* [Task to carry out]:
Quote every line below exactly and skip any picture.

* [The data]:
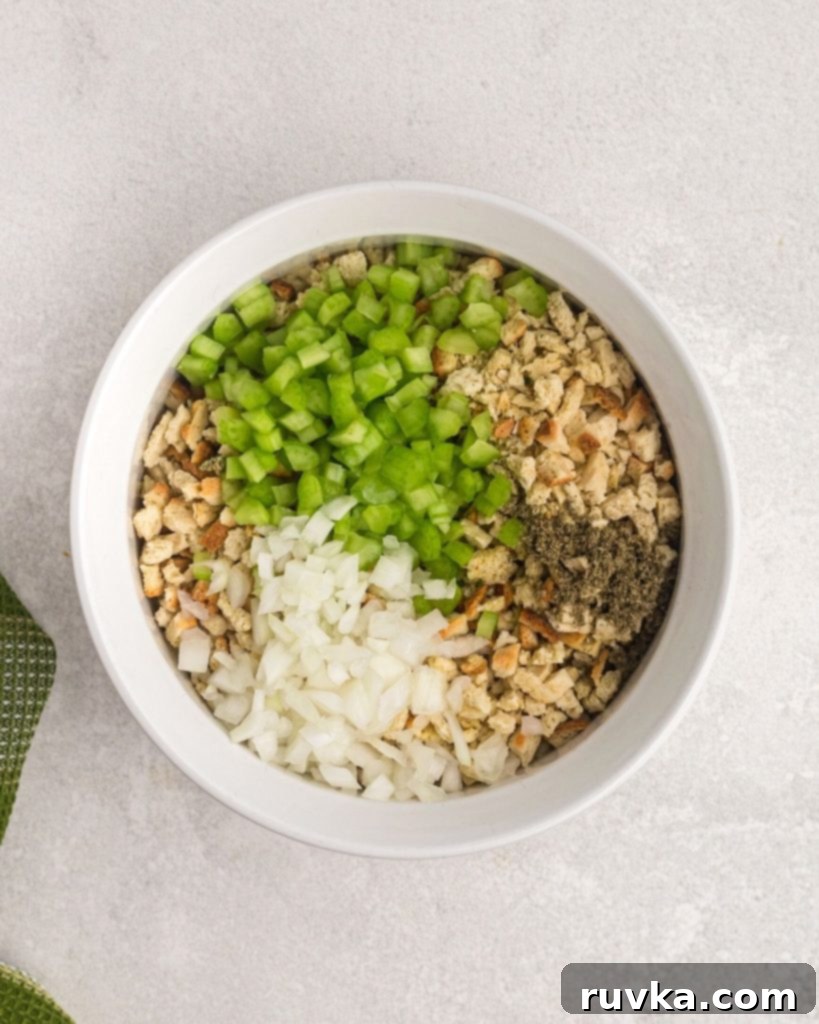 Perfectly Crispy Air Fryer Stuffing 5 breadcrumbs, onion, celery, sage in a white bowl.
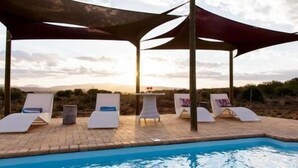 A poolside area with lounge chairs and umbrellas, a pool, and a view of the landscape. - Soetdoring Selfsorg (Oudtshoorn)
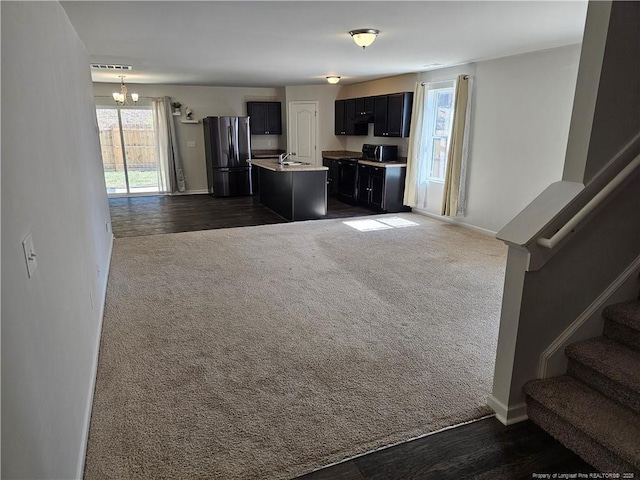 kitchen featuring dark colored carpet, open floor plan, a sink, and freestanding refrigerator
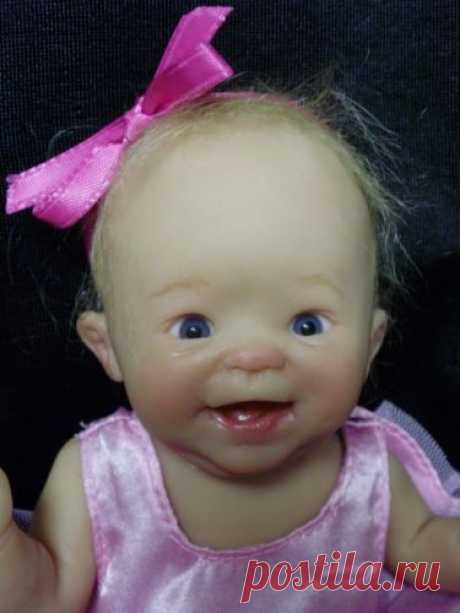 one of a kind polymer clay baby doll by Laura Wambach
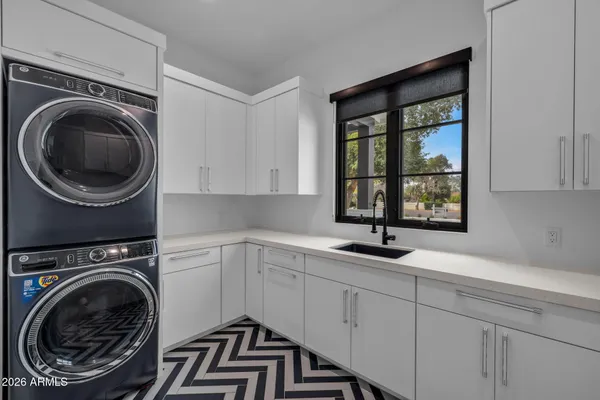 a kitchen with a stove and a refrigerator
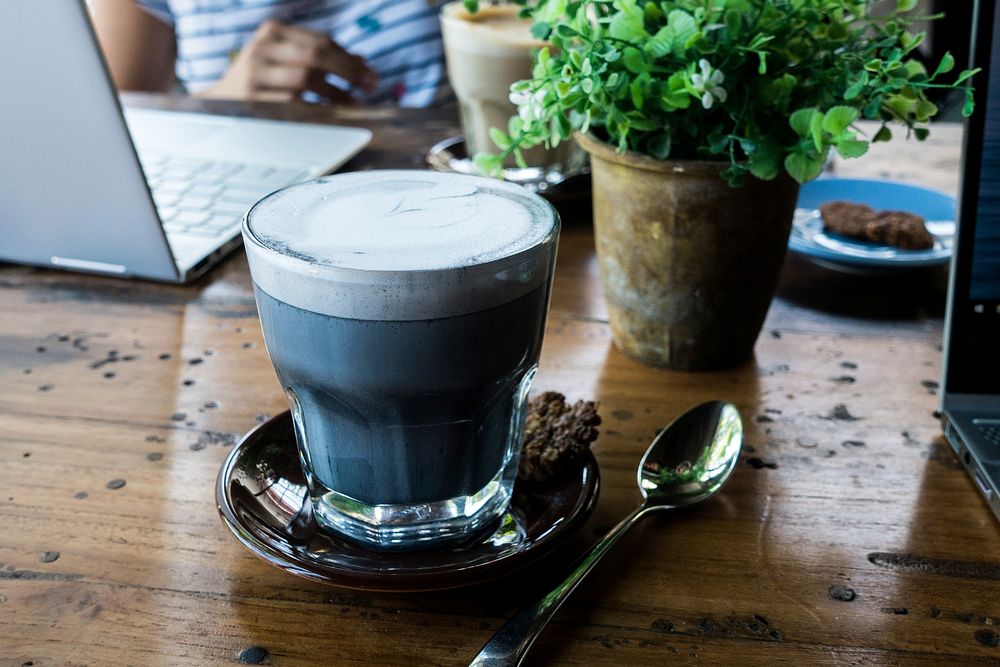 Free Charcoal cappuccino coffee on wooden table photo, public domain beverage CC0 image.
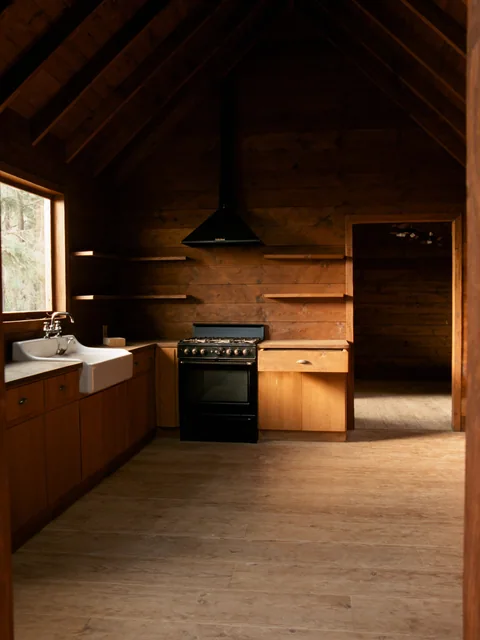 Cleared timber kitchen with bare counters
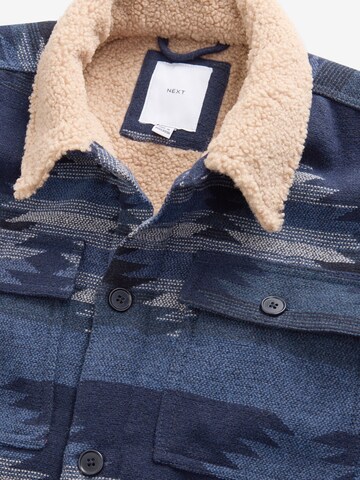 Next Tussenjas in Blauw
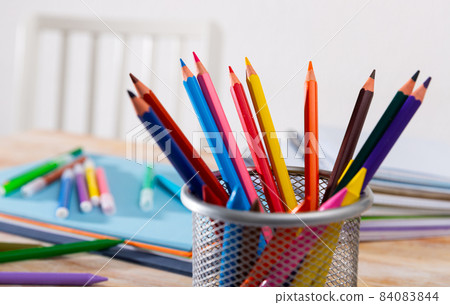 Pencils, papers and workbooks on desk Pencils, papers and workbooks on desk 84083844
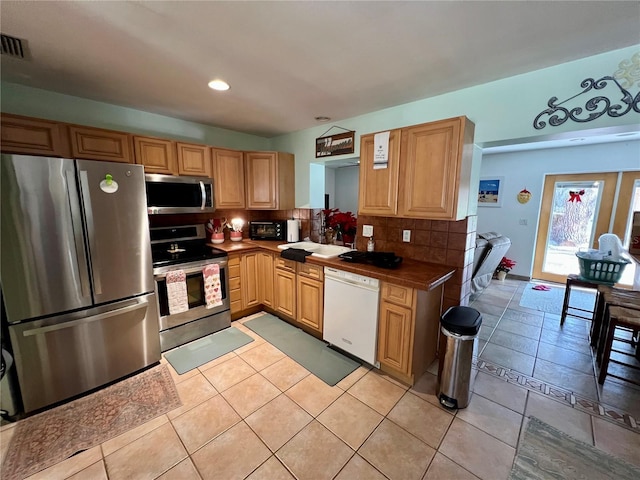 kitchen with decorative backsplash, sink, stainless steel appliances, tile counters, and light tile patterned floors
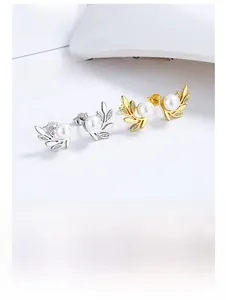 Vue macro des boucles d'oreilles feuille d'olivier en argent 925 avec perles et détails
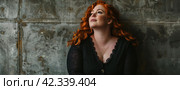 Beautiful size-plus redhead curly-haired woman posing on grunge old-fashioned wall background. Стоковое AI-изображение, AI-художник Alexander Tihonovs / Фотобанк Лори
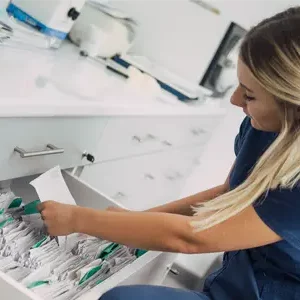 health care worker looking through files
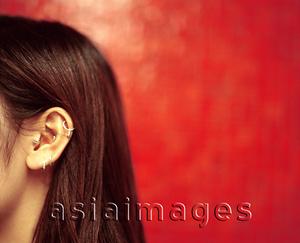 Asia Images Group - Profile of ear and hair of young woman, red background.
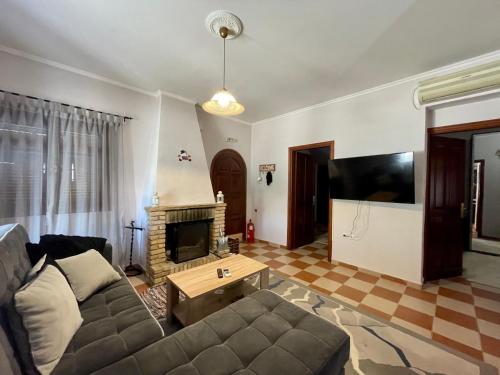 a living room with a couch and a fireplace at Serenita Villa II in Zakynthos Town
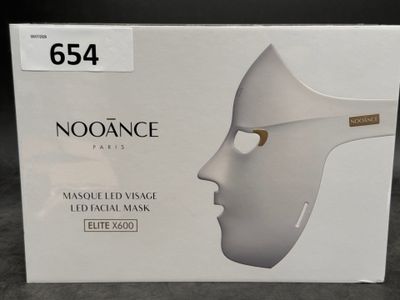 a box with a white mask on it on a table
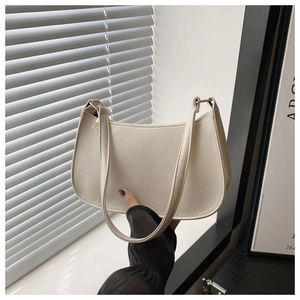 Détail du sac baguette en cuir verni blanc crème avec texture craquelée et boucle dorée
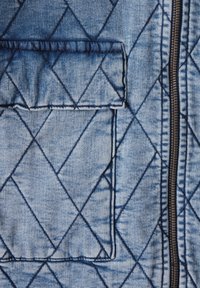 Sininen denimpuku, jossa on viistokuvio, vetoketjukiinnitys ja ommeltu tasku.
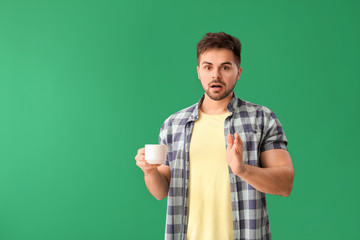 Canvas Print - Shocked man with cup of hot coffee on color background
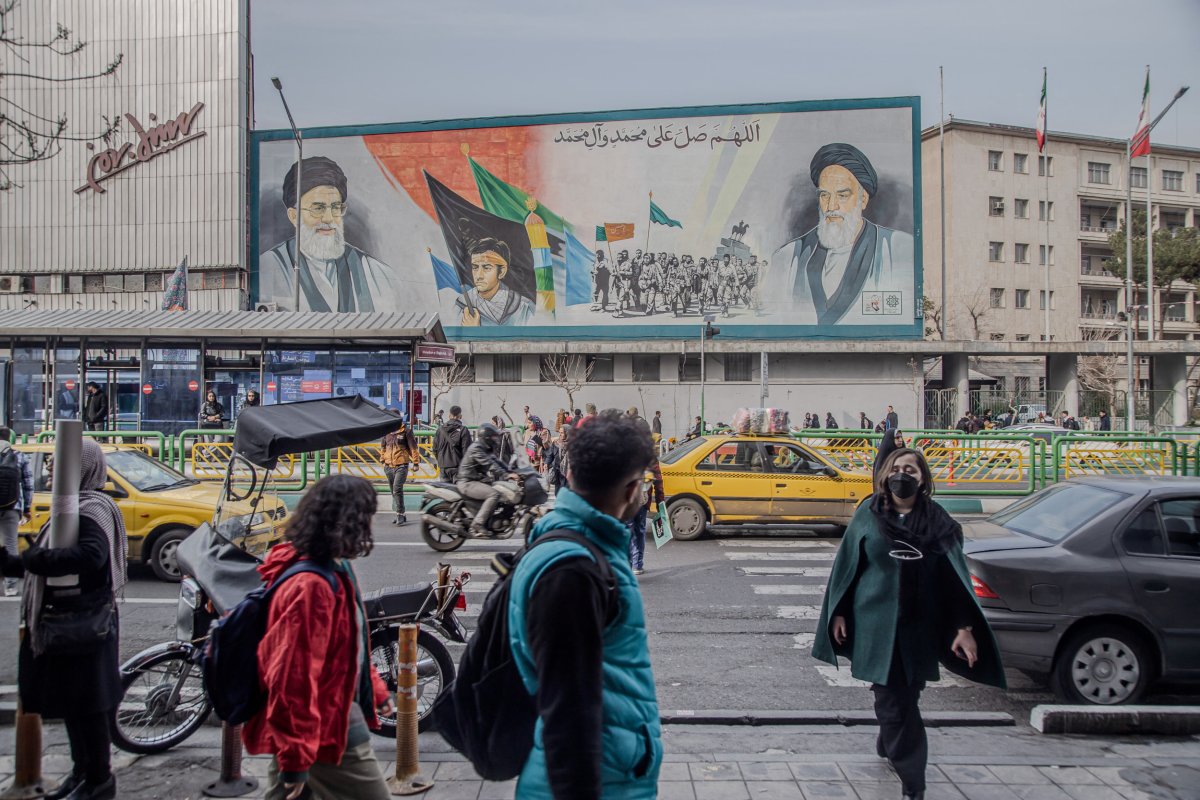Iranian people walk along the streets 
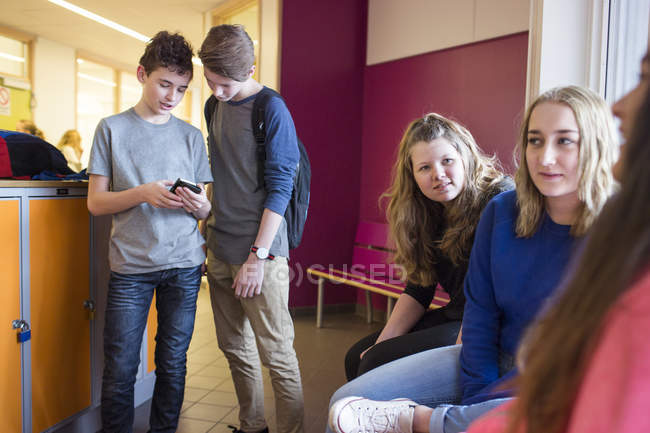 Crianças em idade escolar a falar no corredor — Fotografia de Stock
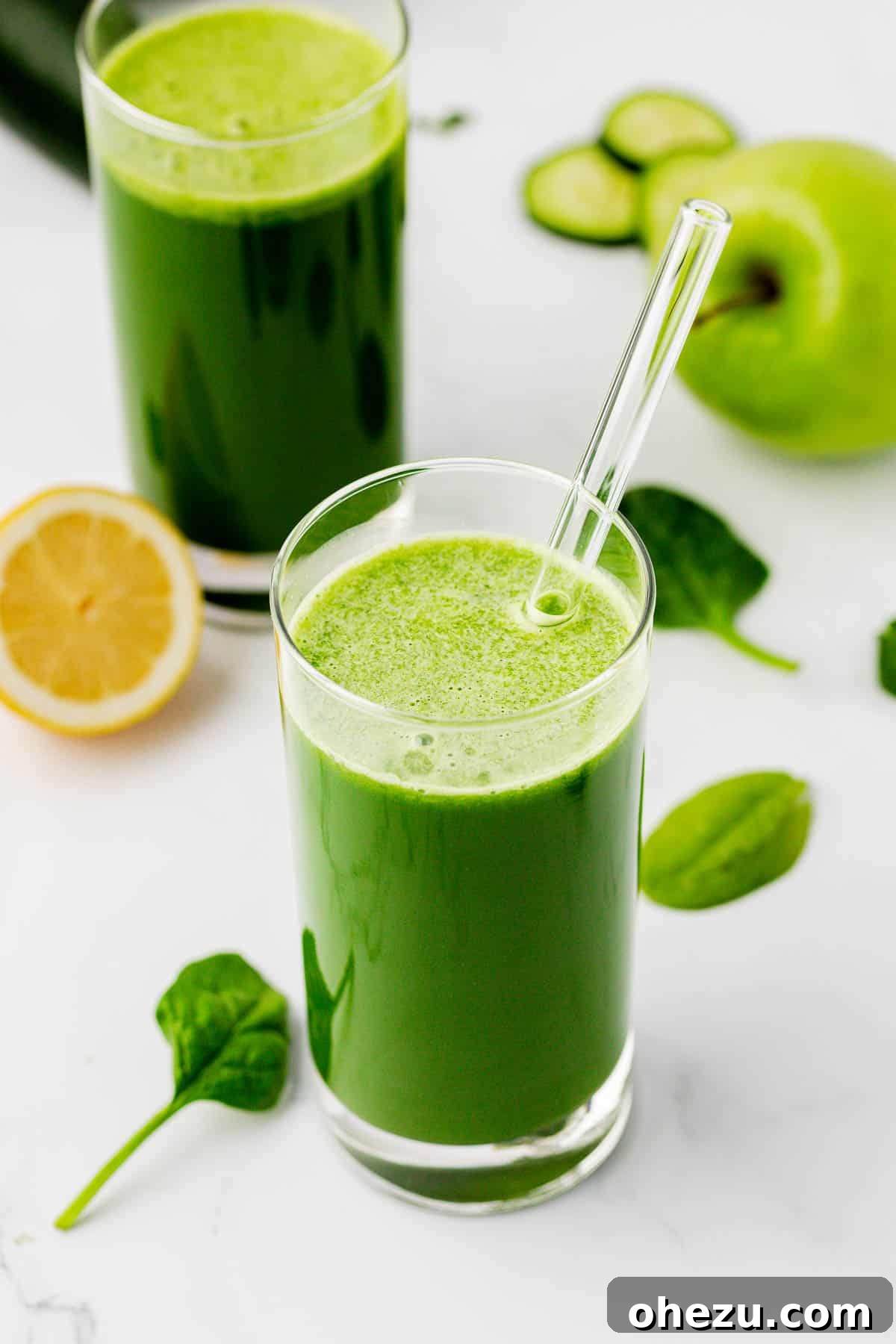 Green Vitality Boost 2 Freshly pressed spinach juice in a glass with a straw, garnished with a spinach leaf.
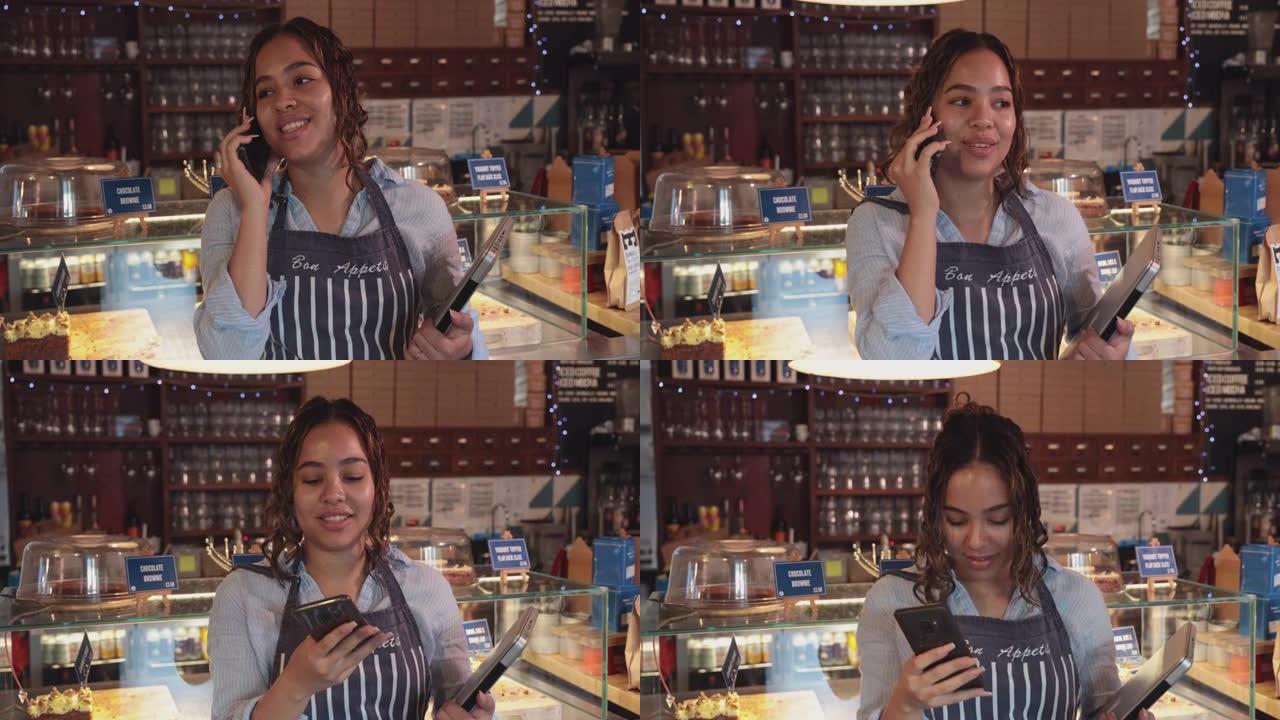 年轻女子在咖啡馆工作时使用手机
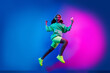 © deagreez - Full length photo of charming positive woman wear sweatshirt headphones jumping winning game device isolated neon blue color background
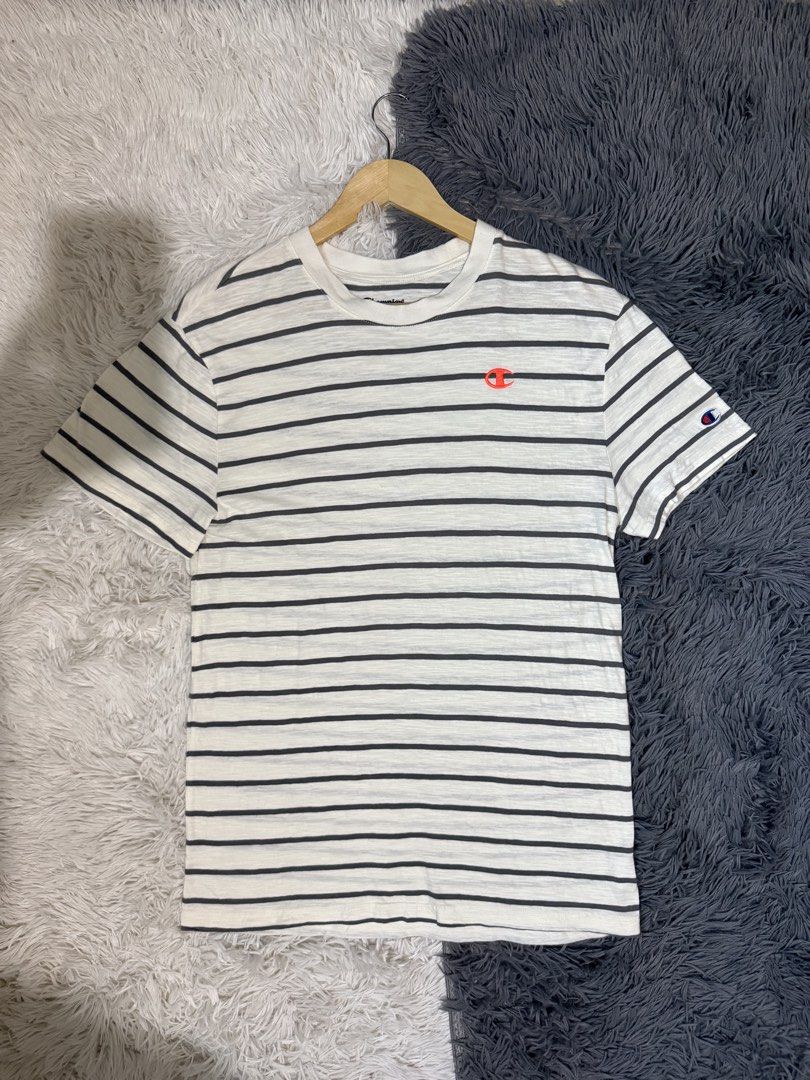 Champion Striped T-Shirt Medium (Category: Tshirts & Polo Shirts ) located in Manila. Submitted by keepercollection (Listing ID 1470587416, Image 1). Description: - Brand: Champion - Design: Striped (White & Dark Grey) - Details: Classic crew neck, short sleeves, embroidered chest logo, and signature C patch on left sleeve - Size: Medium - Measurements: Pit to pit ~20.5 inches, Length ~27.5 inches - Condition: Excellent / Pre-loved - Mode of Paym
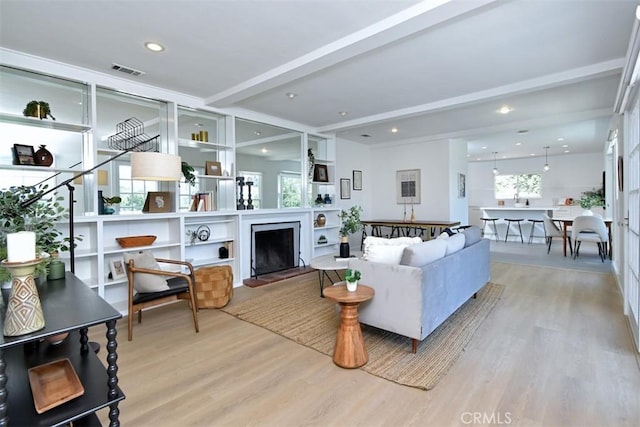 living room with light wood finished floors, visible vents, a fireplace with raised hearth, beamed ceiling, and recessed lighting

* [Answer]:
 Perfectly Crispy Air Fryer Stuffing 5 breadcrumbs, onion, celery, sage in a white bowl.
 A poolside area with lounge chairs and umbrellas, a pool, and a view of the landscape. - Soetdoring Selfsorg (Oudtshoorn)
 kitchen featuring dark colored carpet, open floor plan, a sink, and freestanding refrigerator
 one of a kind polymer clay baby doll by Laura Wambach
 a kitchen with a stove and a refrigerator
 Free Charcoal cappuccino coffee on wooden table photo, public domain beverage CC0 image.
 Cleared timber kitchen with bare counters
 Next Tussenjas in Blauw
 Pencils, papers and workbooks on desk Pencils, papers and workbooks on desk 84083844
 kitchen with decorative backsplash, sink, stainless steel appliances, tile counters, and light tile patterned floors
 Vue macro des boucles d'oreilles feuille d'olivier en argent 925 avec perles et détails
 Beautiful size-plus redhead curly-haired woman posing on grunge old-fashioned wall background. Стоковое AI-изображение, AI-художник Alexander Tihonovs / Фотобанк Лори
 health care worker looking through files
 Asia Images Group - Profile of ear and hair of young woman, red background.
 a living room with a couch and a fireplace at Serenita Villa II in Zakynthos Town
 a box with a white mask on it on a table
 Détail du sac baguette en cuir verni blanc crème avec texture craquelée et boucle dorée
 Sininen denimpuku, jossa on viistokuvio, vetoketjukiinnitys ja ommeltu tasku.
 Canvas Print - Shocked man with cup of hot coffee on color background
Iranian people walk along the streets 
 Crianças em idade escolar a falar no corredor — Fotografia de Stock
 Green Vitality Boost 2 Freshly pressed spinach juice in a glass with a straw, garnished with a spinach leaf.
 年轻女子在咖啡馆工作时使用手机
 © deagreez - Full length photo of charming positive woman wear sweatshirt headphones jumping winning game device isolated neon blue color background
 Champion Striped T-Shirt Medium (Category: Tshirts & Polo Shirts ) located in Manila. Submitted by keepercollection (Listing ID 1470587416, Image 1). Description: - Brand: Champion - Design: Striped (White & Dark Grey) - Details: Classic crew neck, short sleeves, embroidered chest logo, and signature C patch on left sleeve - Size: Medium - Measurements: Pit to pit ~20.5 inches, Length ~27.5 inches - Condition: Excellent / Pre-loved - Mode of Paym
 living room with light wood finished floors, visible vents, a fireplace with raised hearth, beamed ceiling, and recessed lighting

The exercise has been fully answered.